> _EXERCISE GOAL_
Once the pictures are set aside, transcribe each line of the data exactly.

> _MATERIALS PROVIDED_
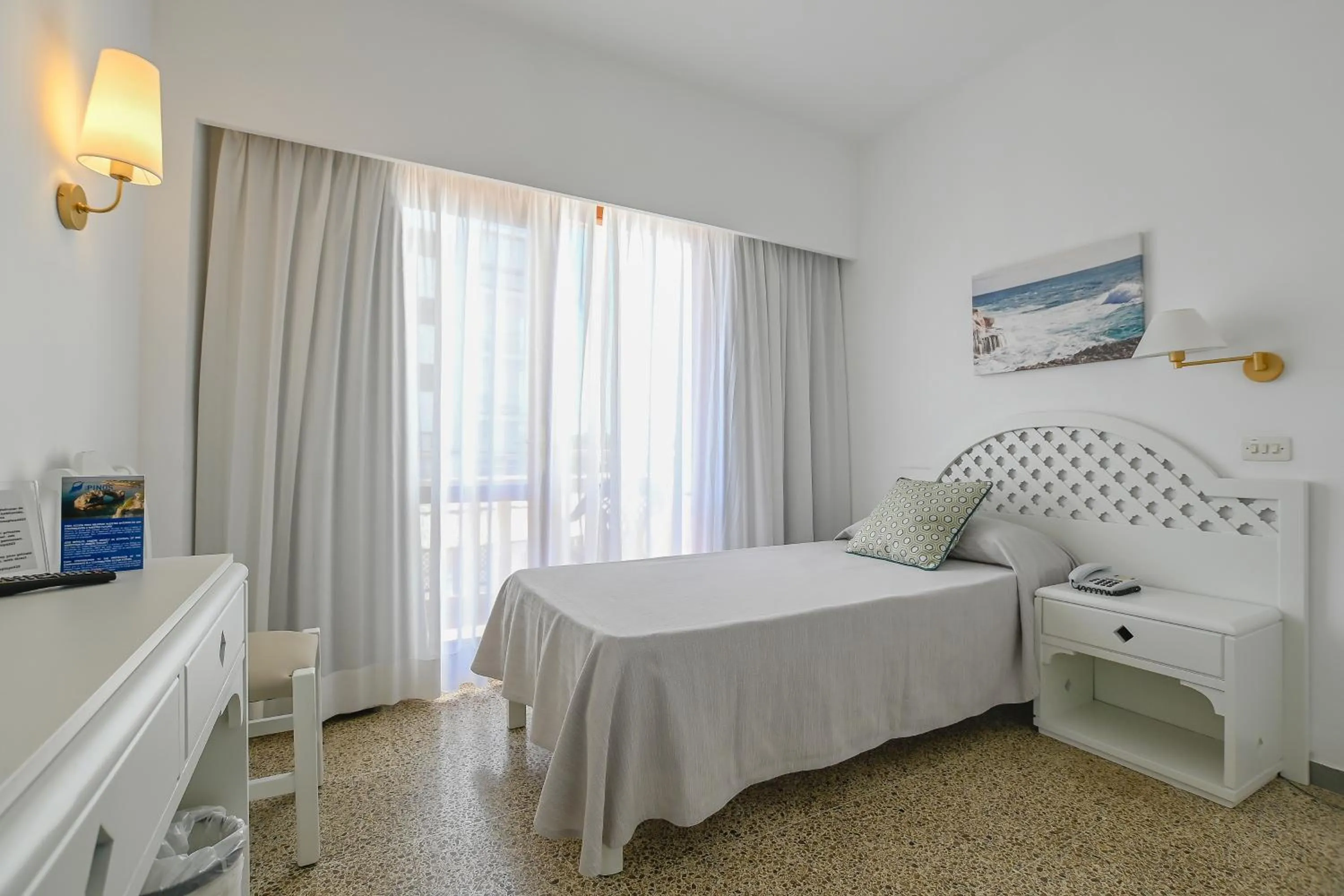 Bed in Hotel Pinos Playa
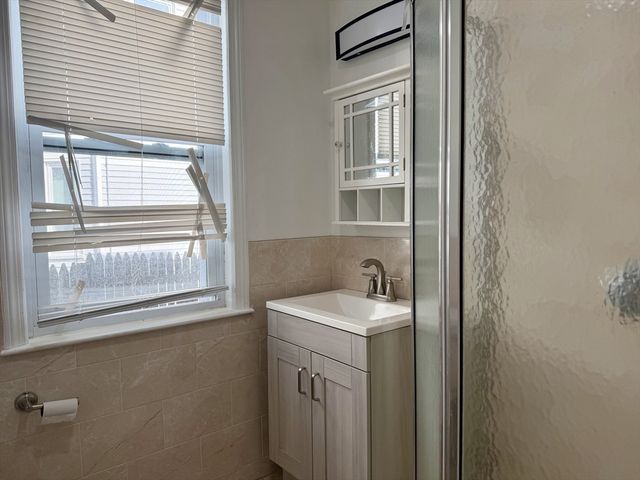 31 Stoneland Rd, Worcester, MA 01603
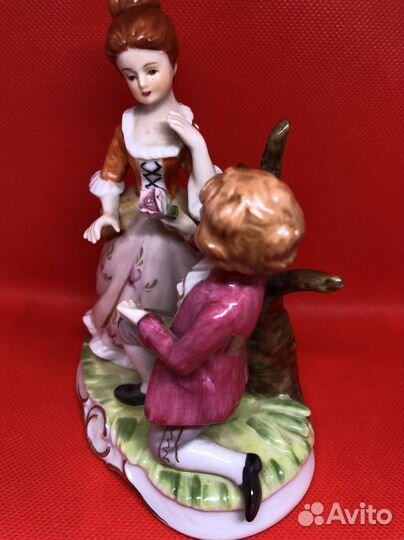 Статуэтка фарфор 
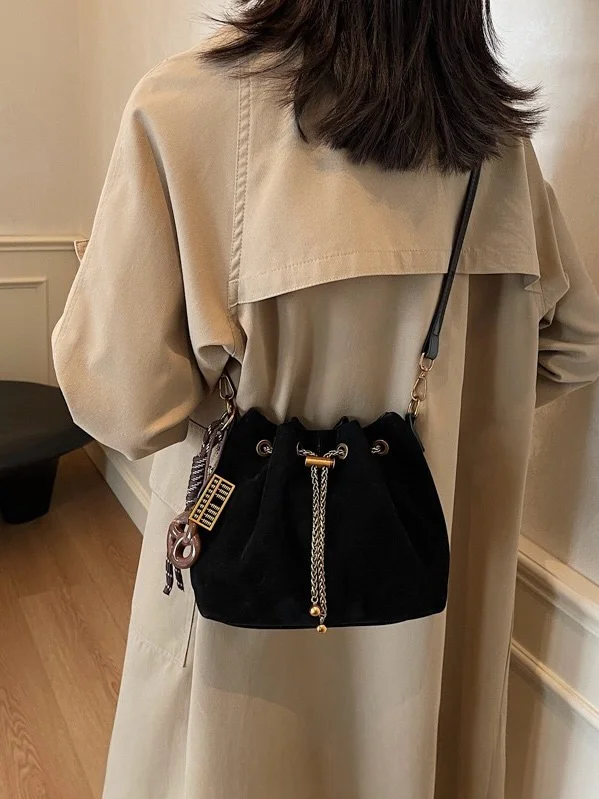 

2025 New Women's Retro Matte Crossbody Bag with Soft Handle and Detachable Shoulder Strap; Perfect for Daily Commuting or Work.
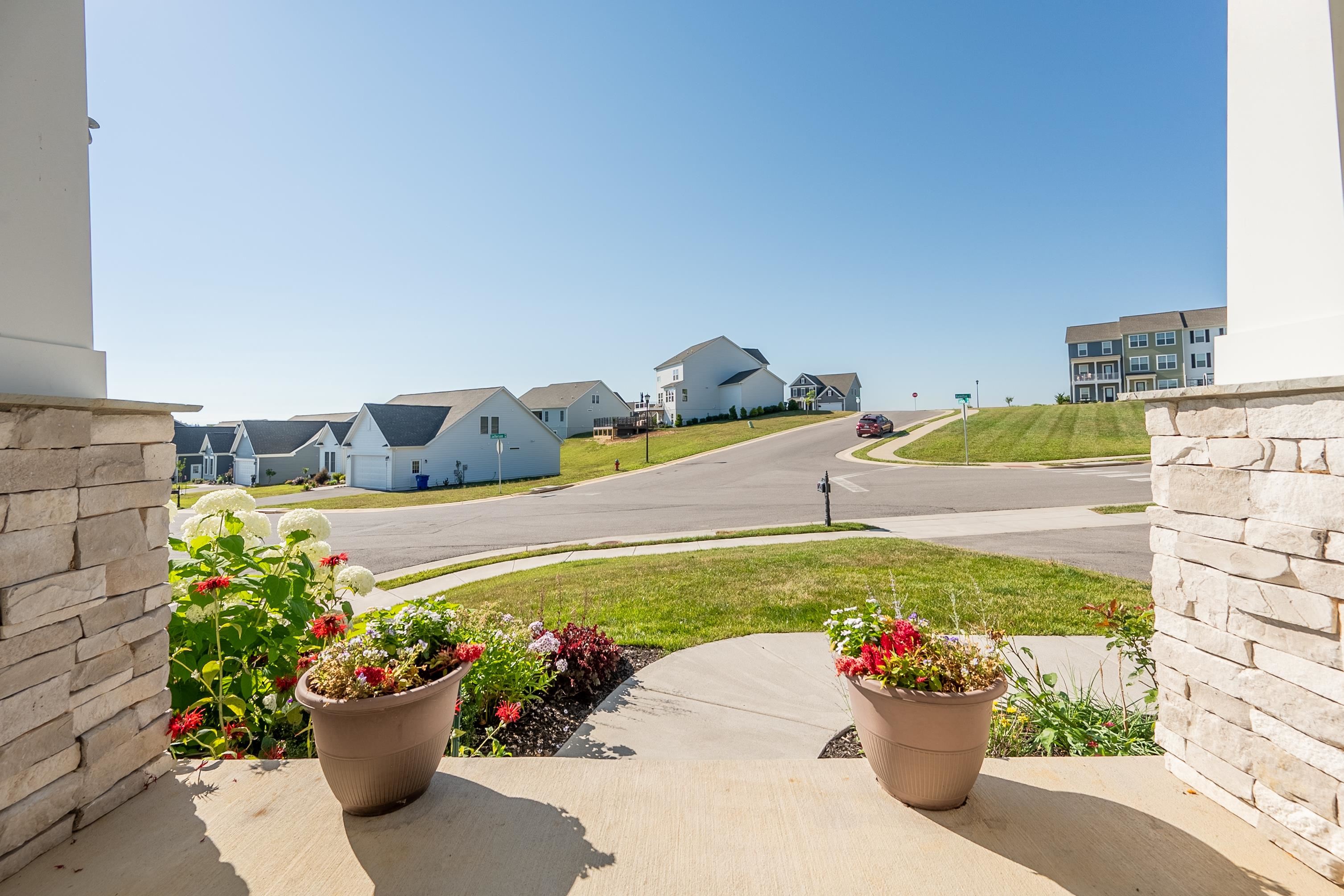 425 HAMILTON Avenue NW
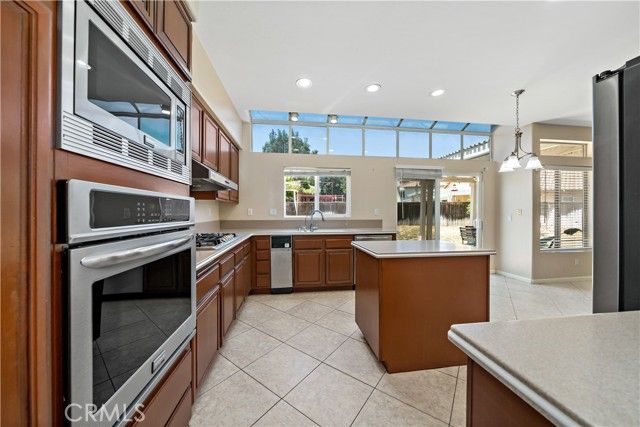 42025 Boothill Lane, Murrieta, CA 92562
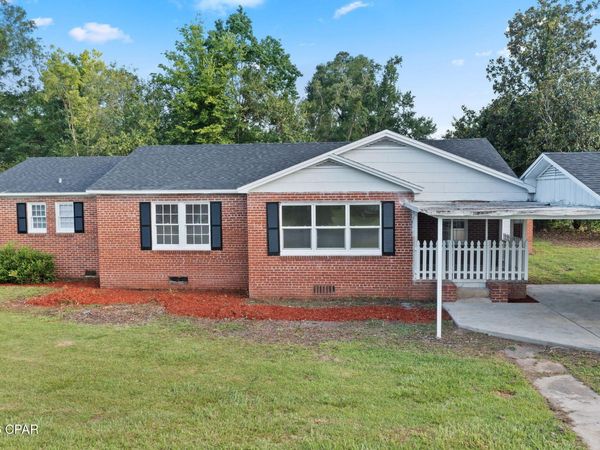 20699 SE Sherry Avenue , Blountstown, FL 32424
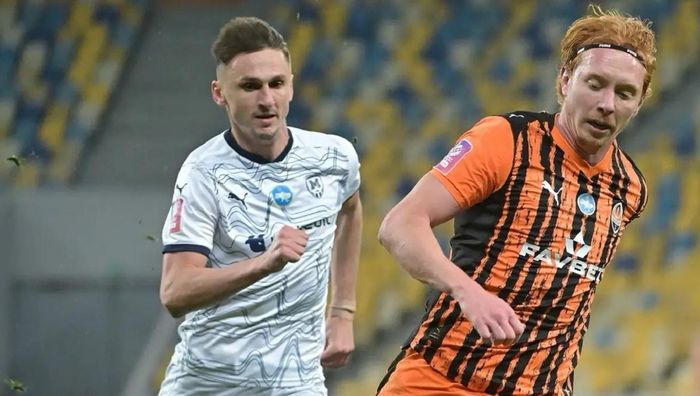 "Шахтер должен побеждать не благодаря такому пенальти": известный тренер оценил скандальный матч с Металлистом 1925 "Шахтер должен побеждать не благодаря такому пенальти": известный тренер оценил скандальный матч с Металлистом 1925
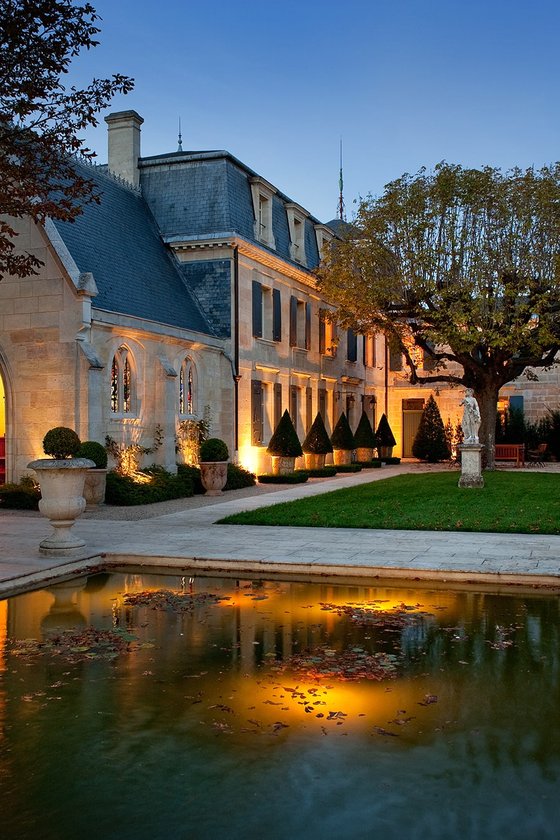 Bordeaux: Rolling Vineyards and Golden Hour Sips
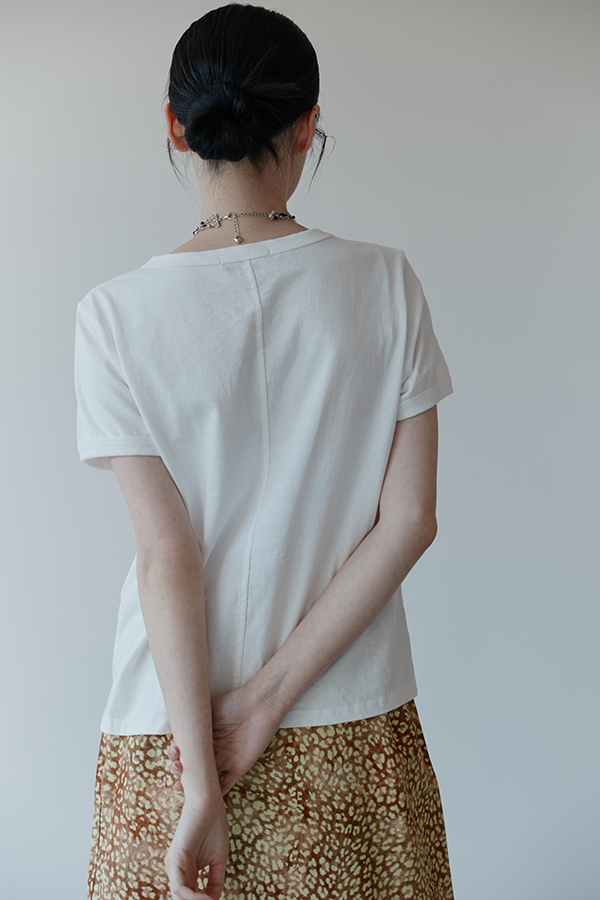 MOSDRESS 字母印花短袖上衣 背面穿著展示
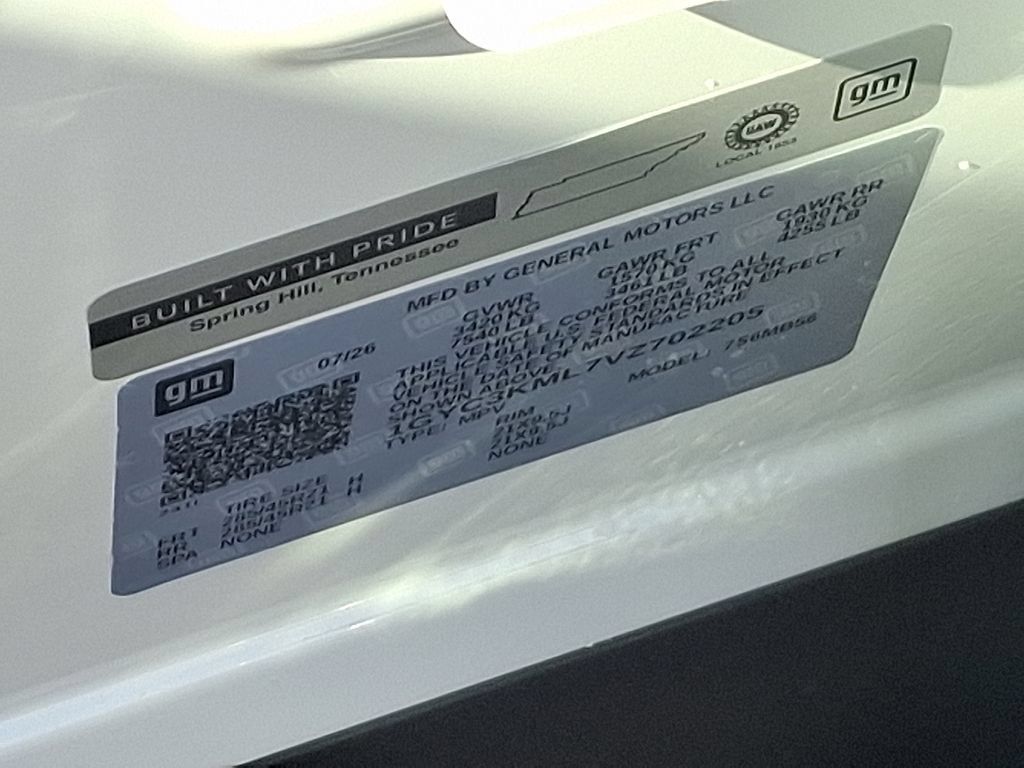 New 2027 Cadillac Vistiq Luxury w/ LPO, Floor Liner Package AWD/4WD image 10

> _RESPONSE TO THIS TASK_
 Bed in Hotel Pinos Playa
 31 Stoneland Rd, Worcester, MA 01603
 Статуэтка фарфор 

2025 New Women's Retro Matte Crossbody Bag with Soft Handle and Detachable Shoulder Strap; Perfect for Daily Commuting or Work.
 425 HAMILTON Avenue NW
 42025 Boothill Lane, Murrieta, CA 92562
 20699 SE Sherry Avenue , Blountstown, FL 32424
 "Шахтер должен побеждать не благодаря такому пенальти": известный тренер оценил скандальный матч с Металлистом 1925 "Шахтер должен побеждать не благодаря такому пенальти": известный тренер оценил скандальный матч с Металлистом 1925
 Bordeaux: Rolling Vineyards and Golden Hour Sips
 MOSDRESS 字母印花短袖上衣 背面穿著展示
 New 2027 Cadillac Vistiq Luxury w/ LPO, Floor Liner Package AWD/4WD image 10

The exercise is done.